[Record extracts Boundary: Start]

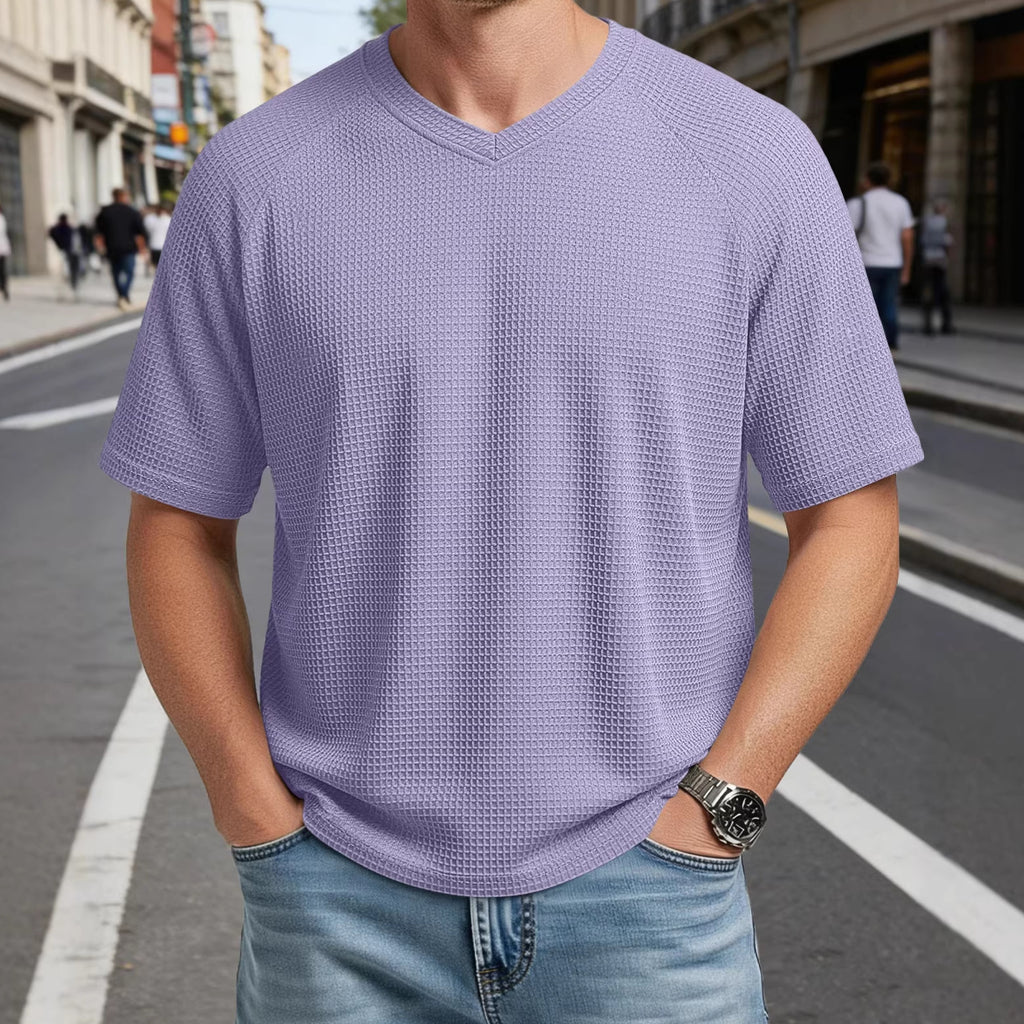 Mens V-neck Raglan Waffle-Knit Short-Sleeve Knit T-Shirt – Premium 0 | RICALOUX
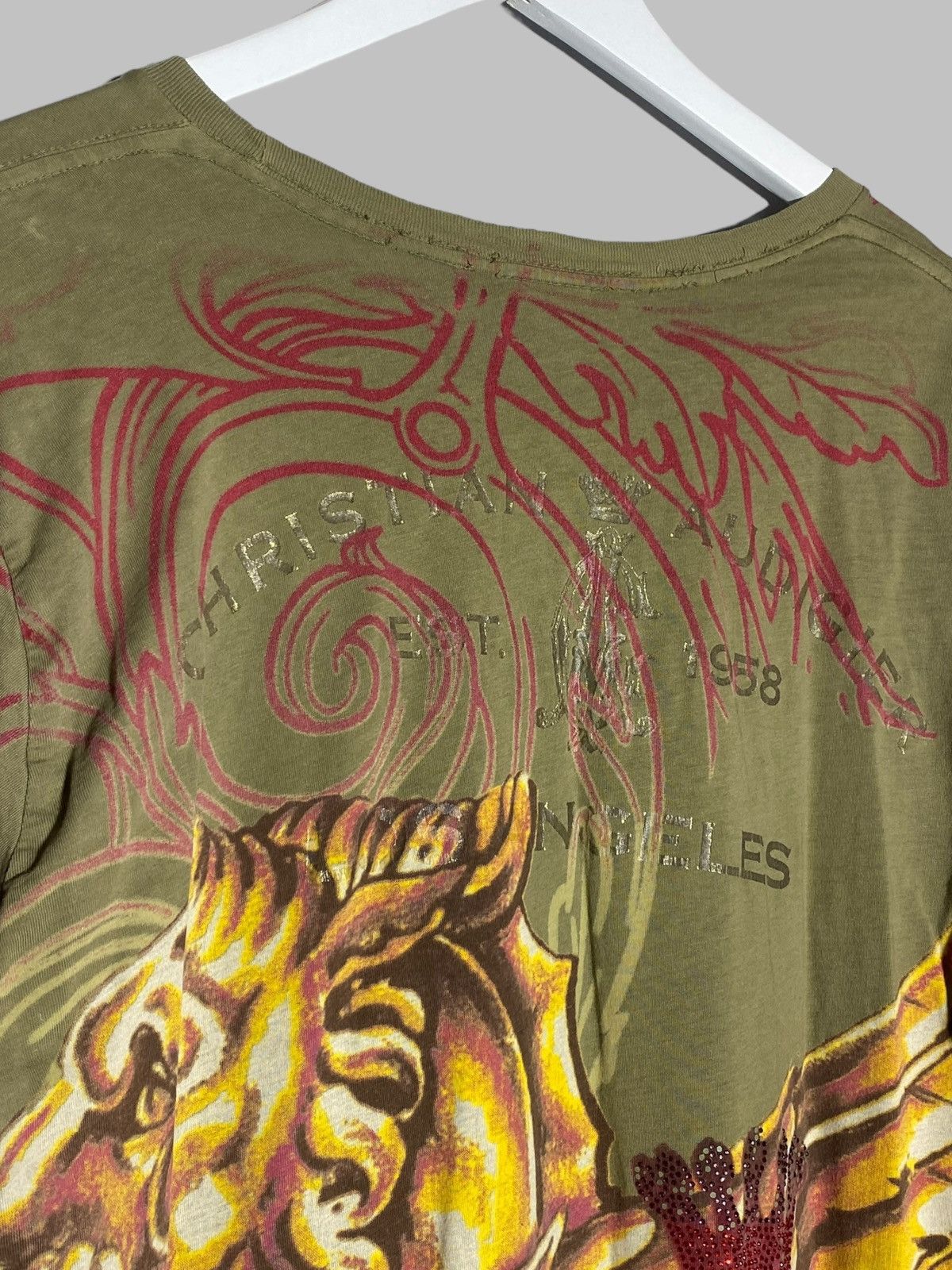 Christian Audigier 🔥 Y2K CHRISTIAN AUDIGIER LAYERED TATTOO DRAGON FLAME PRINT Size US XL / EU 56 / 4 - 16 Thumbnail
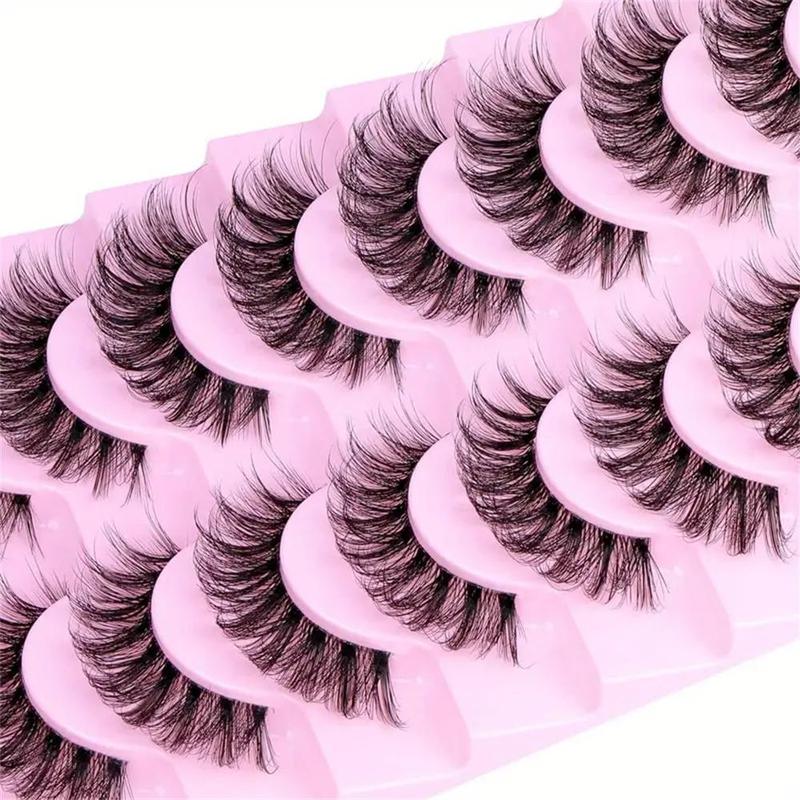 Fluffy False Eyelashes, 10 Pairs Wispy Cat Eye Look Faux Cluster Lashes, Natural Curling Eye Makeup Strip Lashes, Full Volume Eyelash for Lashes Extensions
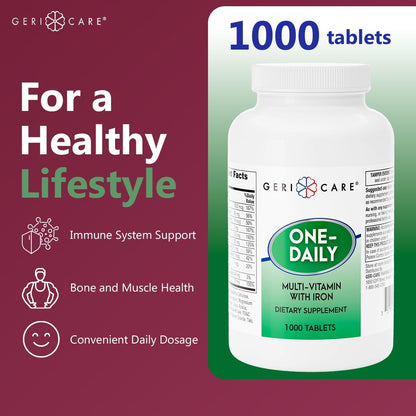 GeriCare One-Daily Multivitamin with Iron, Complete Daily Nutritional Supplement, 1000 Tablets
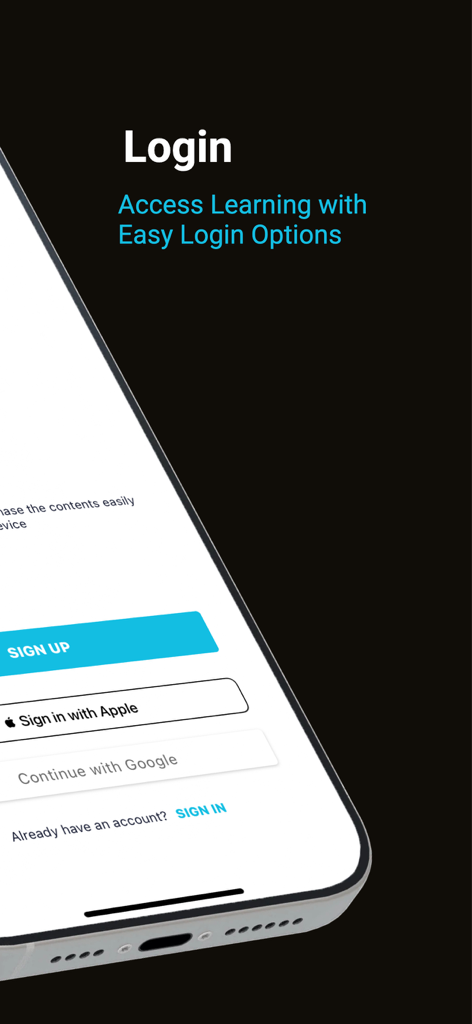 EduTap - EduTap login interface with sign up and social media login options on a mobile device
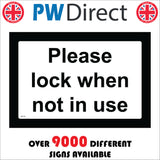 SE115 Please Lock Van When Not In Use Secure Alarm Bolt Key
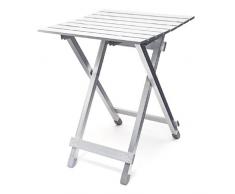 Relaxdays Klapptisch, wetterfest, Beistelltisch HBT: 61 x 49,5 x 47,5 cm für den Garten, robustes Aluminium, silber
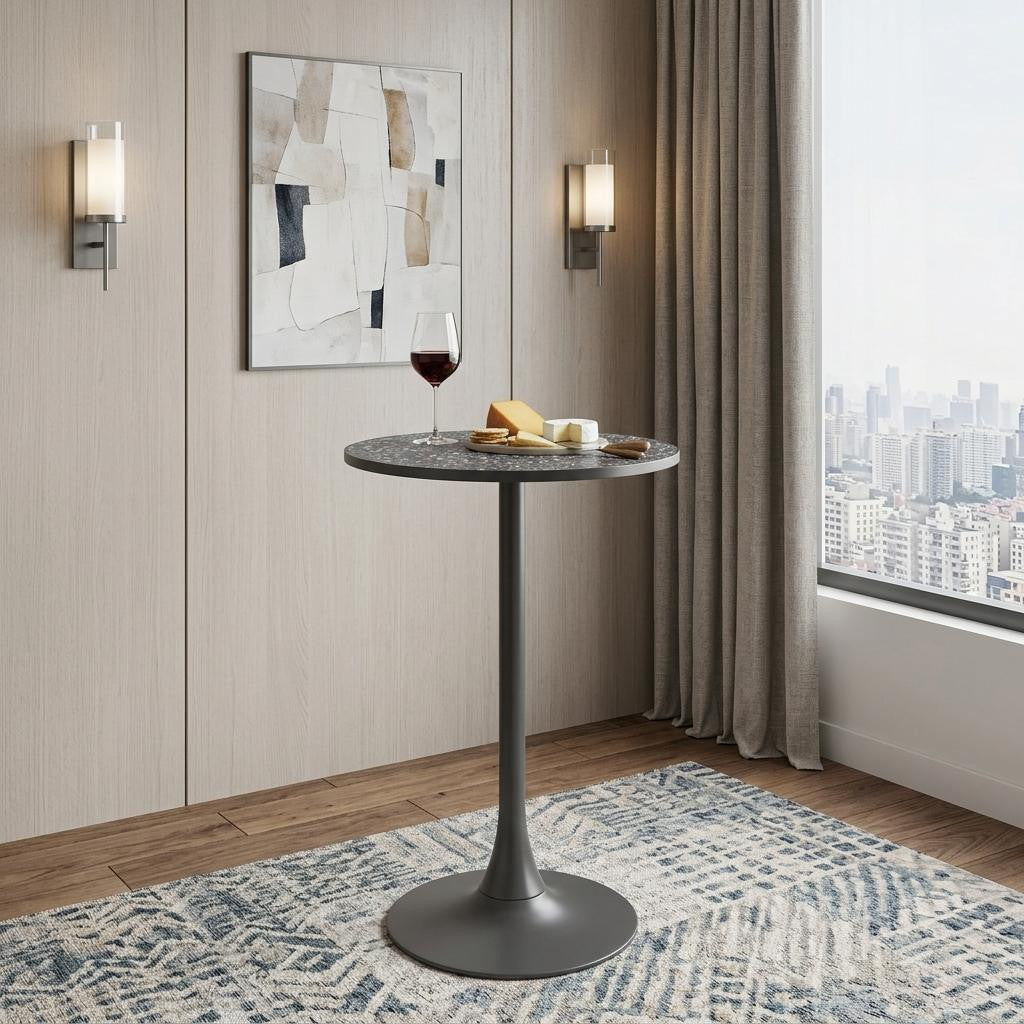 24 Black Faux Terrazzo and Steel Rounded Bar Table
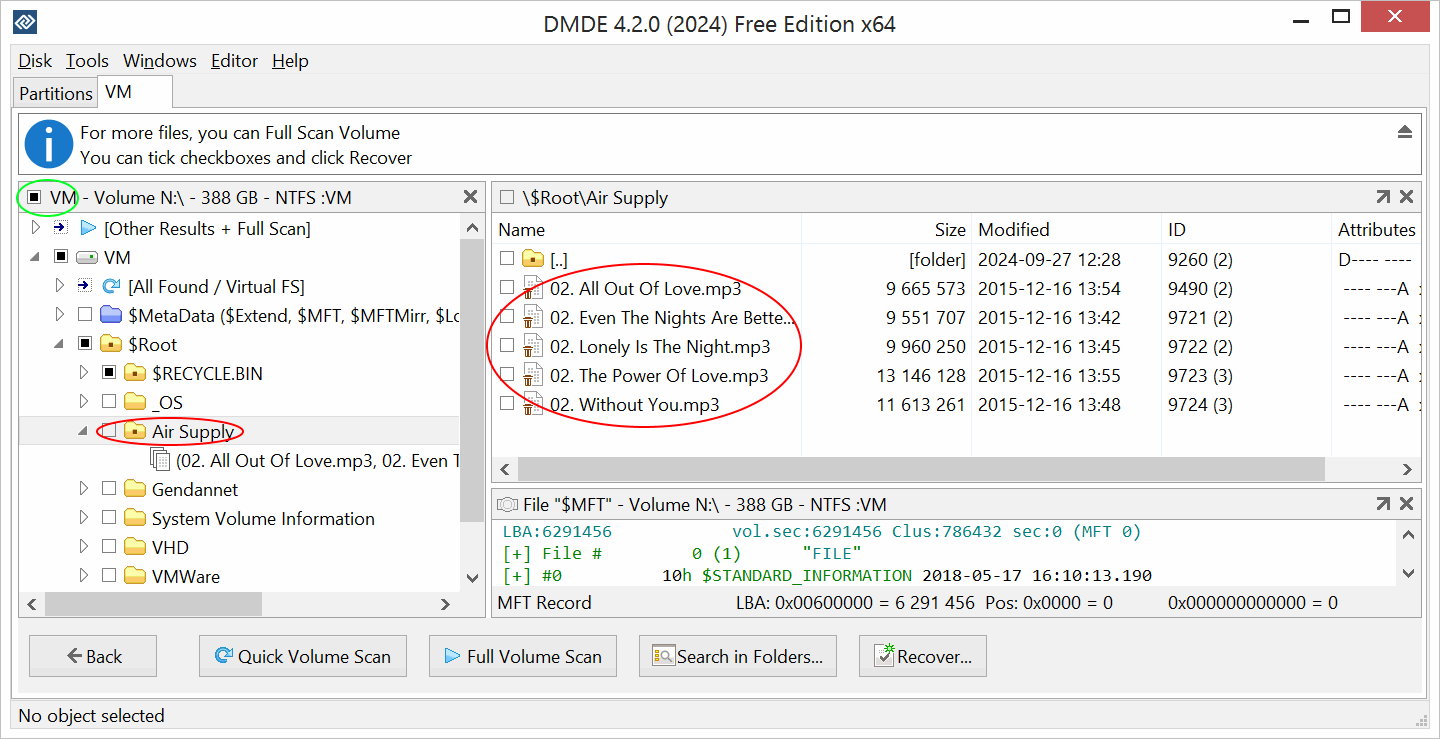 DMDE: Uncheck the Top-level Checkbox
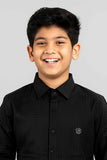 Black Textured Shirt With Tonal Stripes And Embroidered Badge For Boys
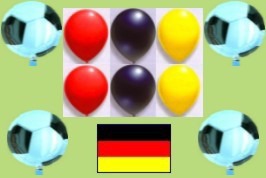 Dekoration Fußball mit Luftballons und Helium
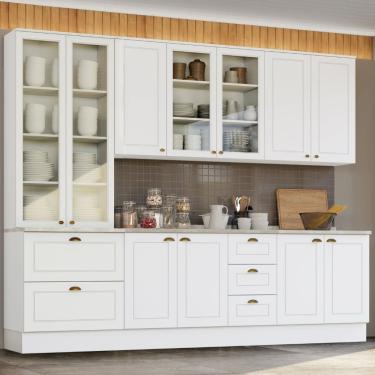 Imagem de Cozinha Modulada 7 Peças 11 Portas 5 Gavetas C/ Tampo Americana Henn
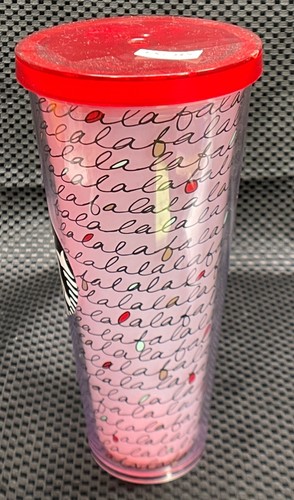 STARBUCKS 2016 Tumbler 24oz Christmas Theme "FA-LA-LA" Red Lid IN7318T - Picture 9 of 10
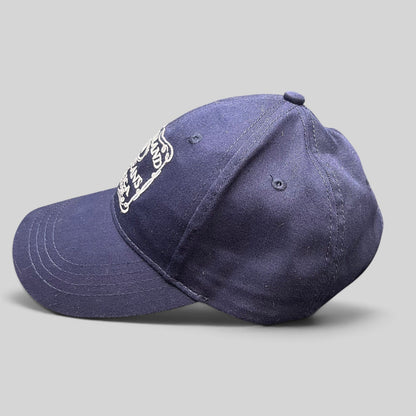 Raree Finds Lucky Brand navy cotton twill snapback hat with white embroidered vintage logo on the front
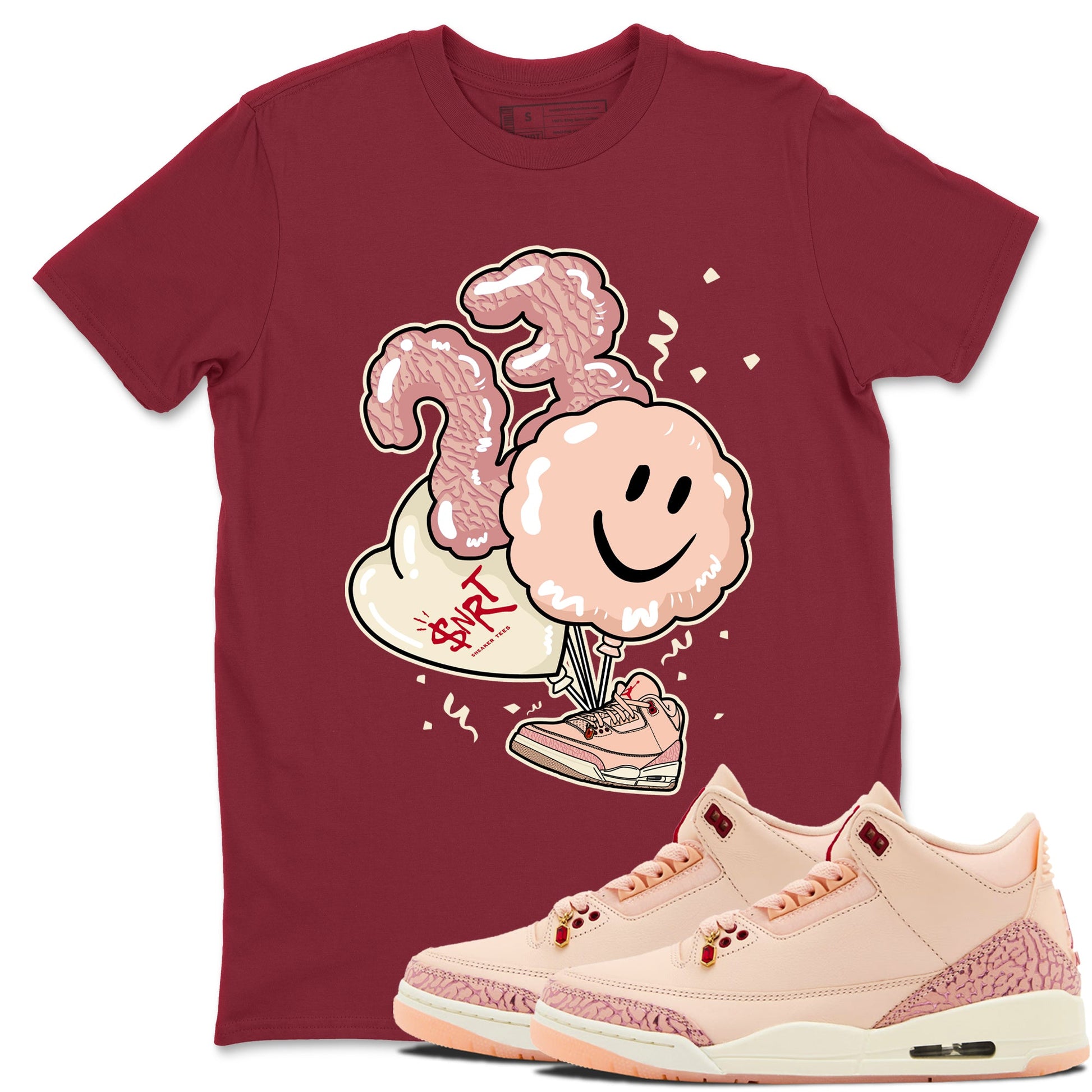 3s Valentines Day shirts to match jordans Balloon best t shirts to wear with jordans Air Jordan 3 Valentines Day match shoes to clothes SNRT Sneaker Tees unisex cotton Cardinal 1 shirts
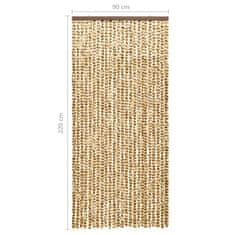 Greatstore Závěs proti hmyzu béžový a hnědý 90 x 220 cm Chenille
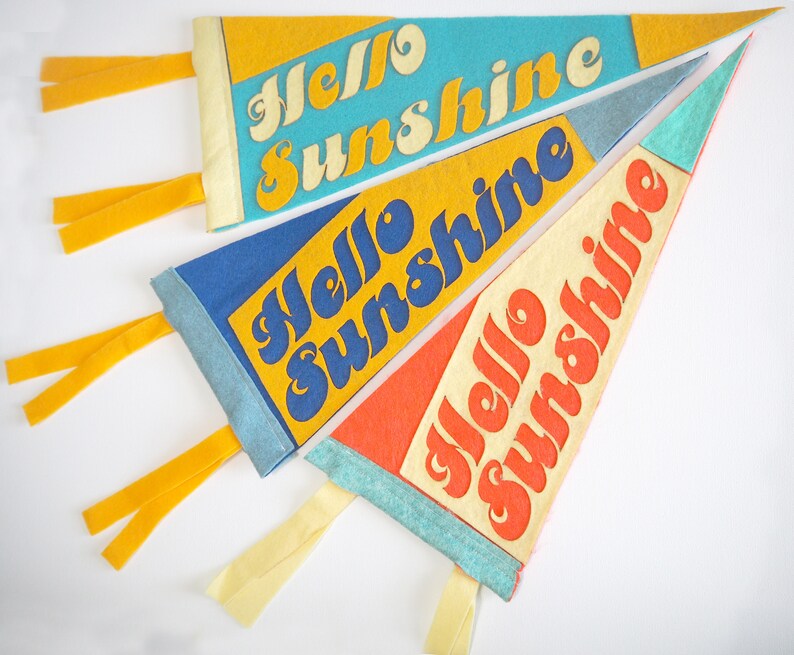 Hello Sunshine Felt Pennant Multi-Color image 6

[Record extracts Boundary: End]

Repeat every entry exactly. Do not include the pictures.

Answer for the task:
 Mens V-neck Raglan Waffle-Knit Short-Sleeve Knit T-Shirt – Premium 0 | RICALOUX
 Christian Audigier 🔥 Y2K CHRISTIAN AUDIGIER LAYERED TATTOO DRAGON FLAME PRINT Size US XL / EU 56 / 4 - 16 Thumbnail
 Fluffy False Eyelashes, 10 Pairs Wispy Cat Eye Look Faux Cluster Lashes, Natural Curling Eye Makeup Strip Lashes, Full Volume Eyelash for Lashes Extensions
 GeriCare One-Daily Multivitamin with Iron, Complete Daily Nutritional Supplement, 1000 Tablets
 EduTap - EduTap login interface with sign up and social media login options on a mobile device
 SE115 Please Lock Van When Not In Use Secure Alarm Bolt Key
 Relaxdays Klapptisch, wetterfest, Beistelltisch HBT: 61 x 49,5 x 47,5 cm für den Garten, robustes Aluminium, silber
 24 Black Faux Terrazzo and Steel Rounded Bar Table
 DMDE: Uncheck the Top-level Checkbox
 Black Textured Shirt With Tonal Stripes And Embroidered Badge For Boys
 Dekoration Fußball mit Luftballons und Helium
 Imagem de Cozinha Modulada 7 Peças 11 Portas 5 Gavetas C/ Tampo Americana Henn
 STARBUCKS 2016 Tumbler 24oz Christmas Theme "FA-LA-LA" Red Lid IN7318T - Picture 9 of 10
 Raree Finds Lucky Brand navy cotton twill snapback hat with white embroidered vintage logo on the front
 3s Valentines Day shirts to match jordans Balloon best t shirts to wear with jordans Air Jordan 3 Valentines Day match shoes to clothes SNRT Sneaker Tees unisex cotton Cardinal 1 shirts
 Greatstore Závěs proti hmyzu béžový a hnědý 90 x 220 cm Chenille
 Hello Sunshine Felt Pennant Multi-Color image 6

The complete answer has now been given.